In our patient, the vestibular evaluation suggested bilateral peripheral vestibulopathy being more extensive on the left. While the bed-side head impulse test indicated malfunctioned vestibuloocular reflex responses to high-frequency stimuli, the videonystagmography caloric test demonstrated reduced performance of the left horizontal semicircular canal also in the low-frequency range. Although the MRI temporal bone study did not demonstrate anatomical malformation of the right inner ear or the 8th cranial nerve, bilateral functional involvement related to VATER association cannot be ruled out.

The lateral semicircular canal and vestibule dysplasia found on MRI matched the autopsy and CT findings of previous studies [2, 4].

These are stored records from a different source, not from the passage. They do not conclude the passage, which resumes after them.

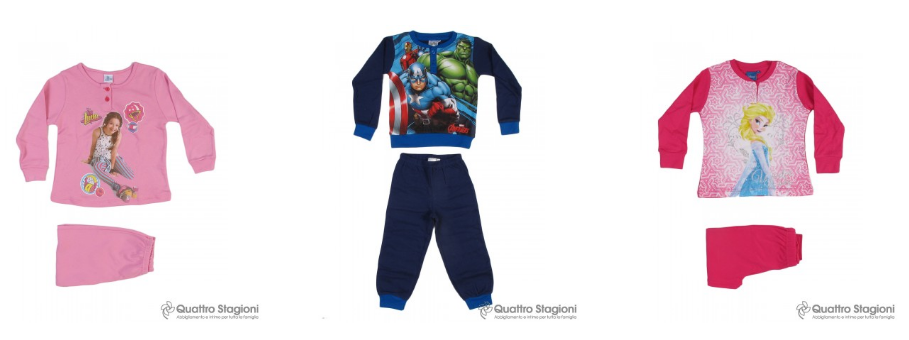 Pigiami per tutta la famiglia, la scelta è ampia da Quattro Stagioni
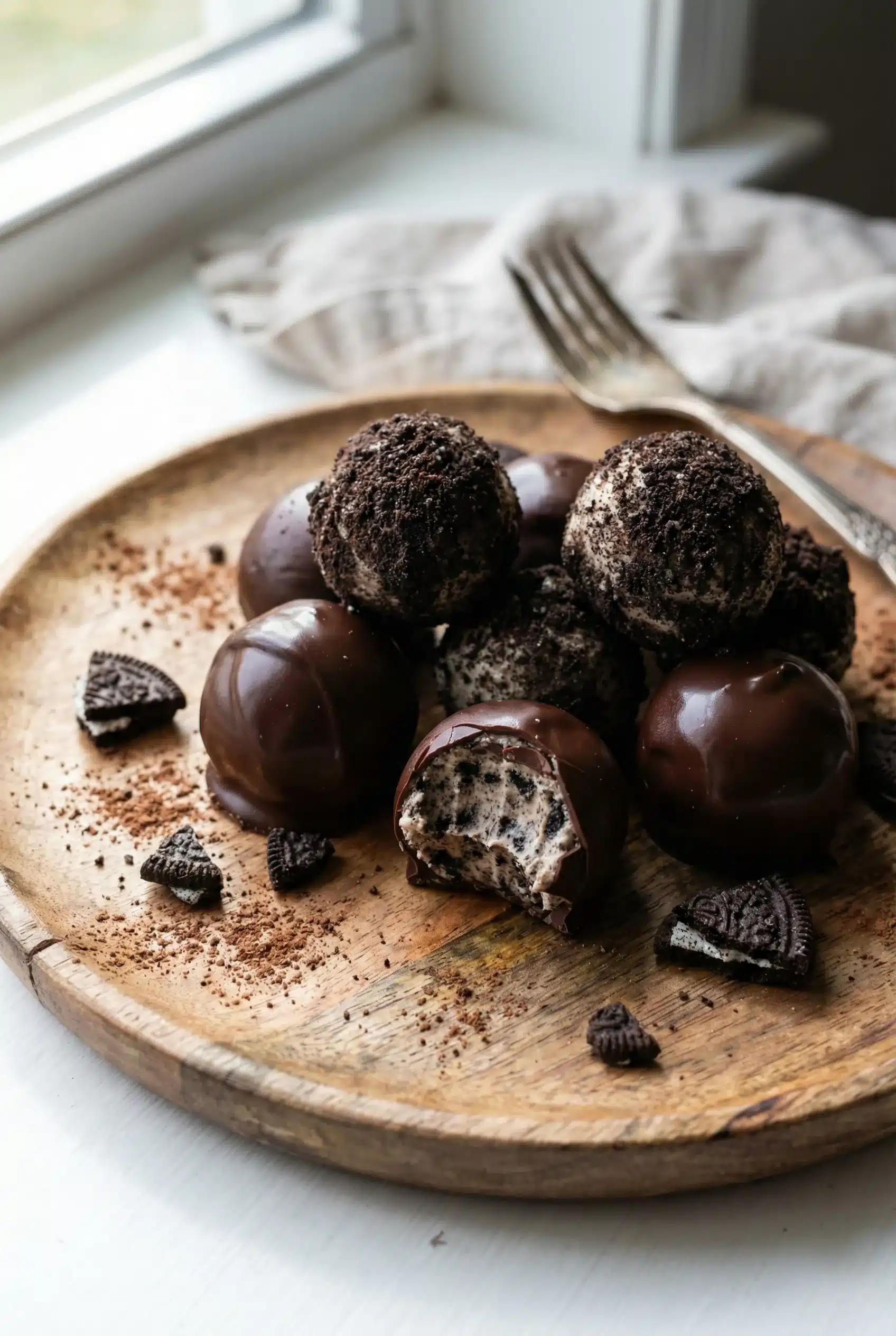 Indulge in Nostalgia with No Bake Oreo Truffles Delight 1 Featured Image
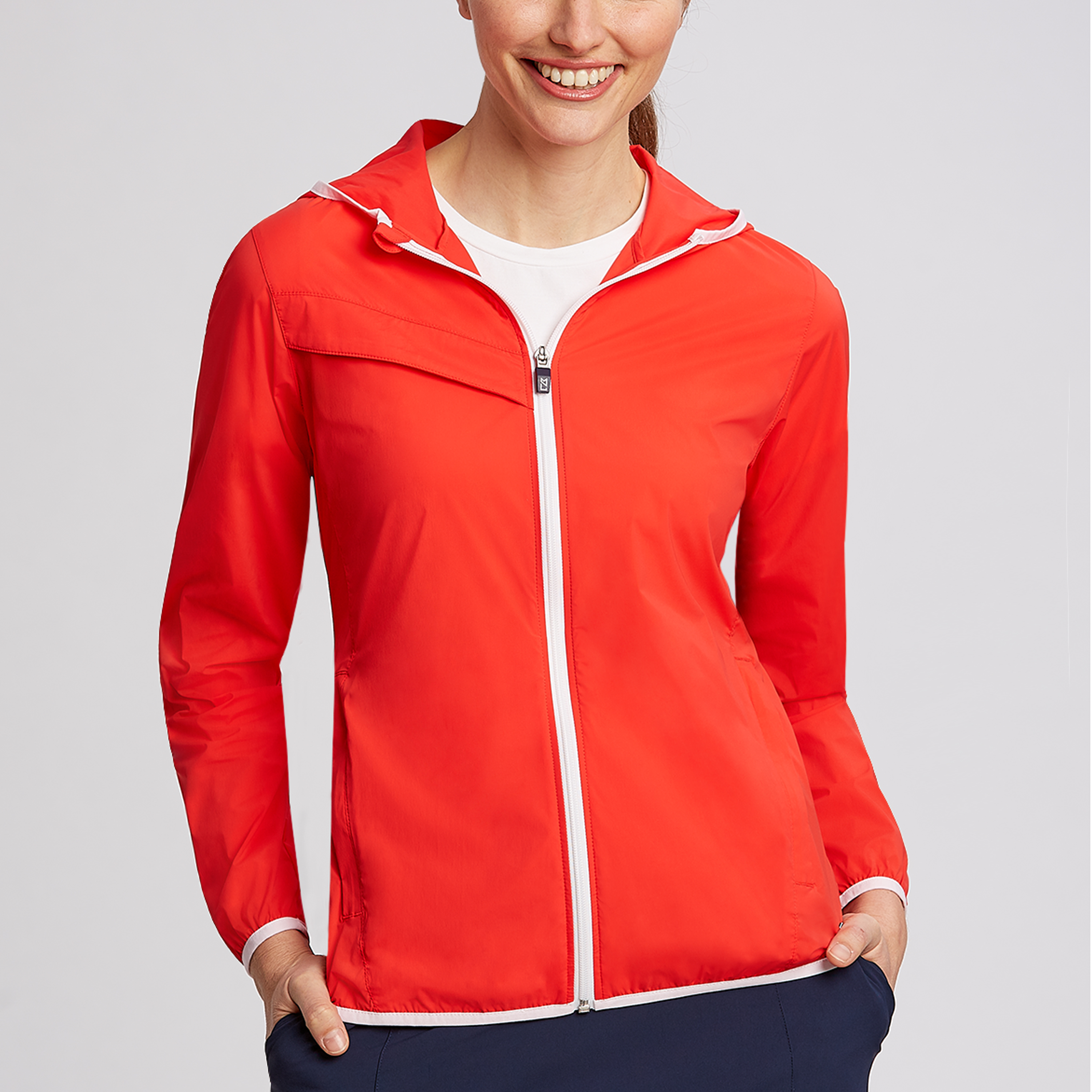 Cutter & Buck Ladies Breaker Hooded Jackets | Golf4Her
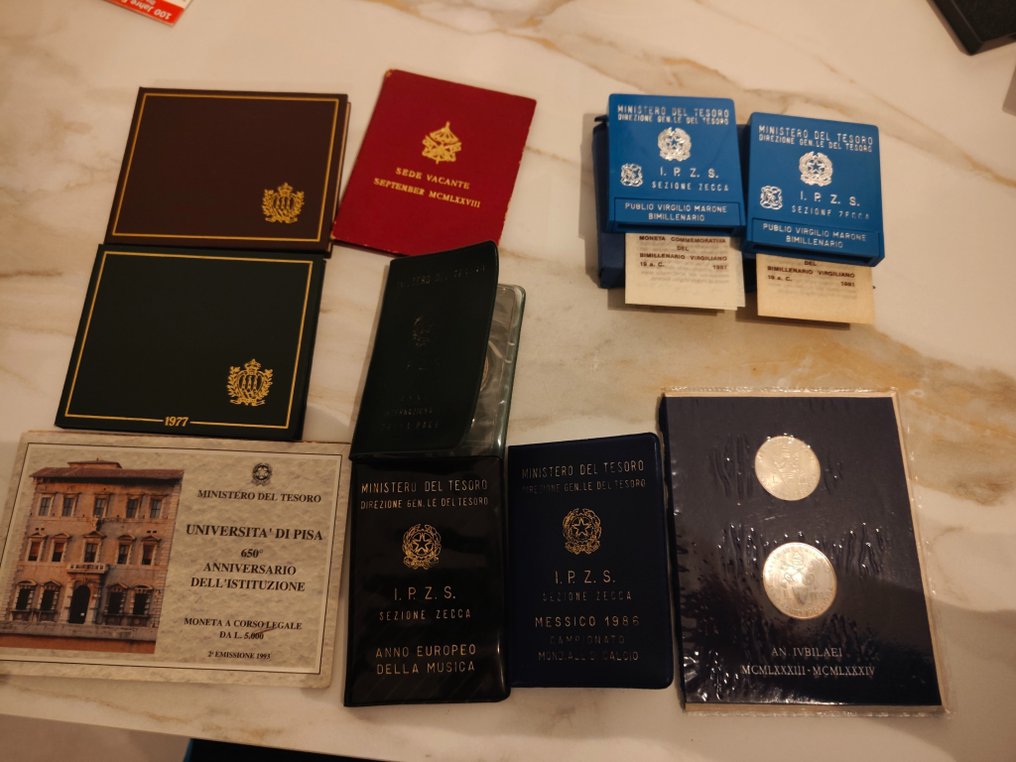 Ιταλία, Βατικάνο, Σαν Μαρίνο. Commemorative coin (11 argenti - 500 + 1000 Lire) (χωρίς τιμή ασφαλείας) #2.1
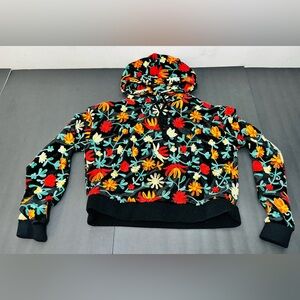 ZARA Floral Embroidered Hoodie – Women’s Size Small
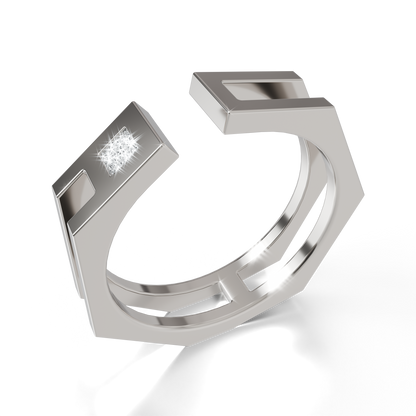 Osmium Adjustable Ring . The Hexagon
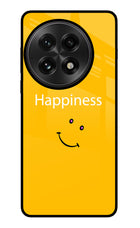 Happiness With Smiley OnePlus 13 Glass Case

The organs associated with the VATER syndrome develop during the first 4 to 8 weeks of gestation [5]. This is also the stage at which the vestibular system is being formed, and it is therefore possible that the processes which produce the VATER pathologies also result in vestibular anomalies.

In conclusion, this case demonstrates for the first time an association between VATER syndrome and vestibular pathologies using clinical and laboratory tests. We suggest that vestibular malformation and dysfunction might be underdiagnosed, due to early mortality in severe cases, or in the less severe due to masking of vestibular hypofunction by long-term central compensation processes. The severe seasickness experienced by our patient was probably the result of decompensation when exposed to challenging sea conditions.

Conflicts of Interest

The authors declare that there are no conflicts of interest regarding the publication of this paper.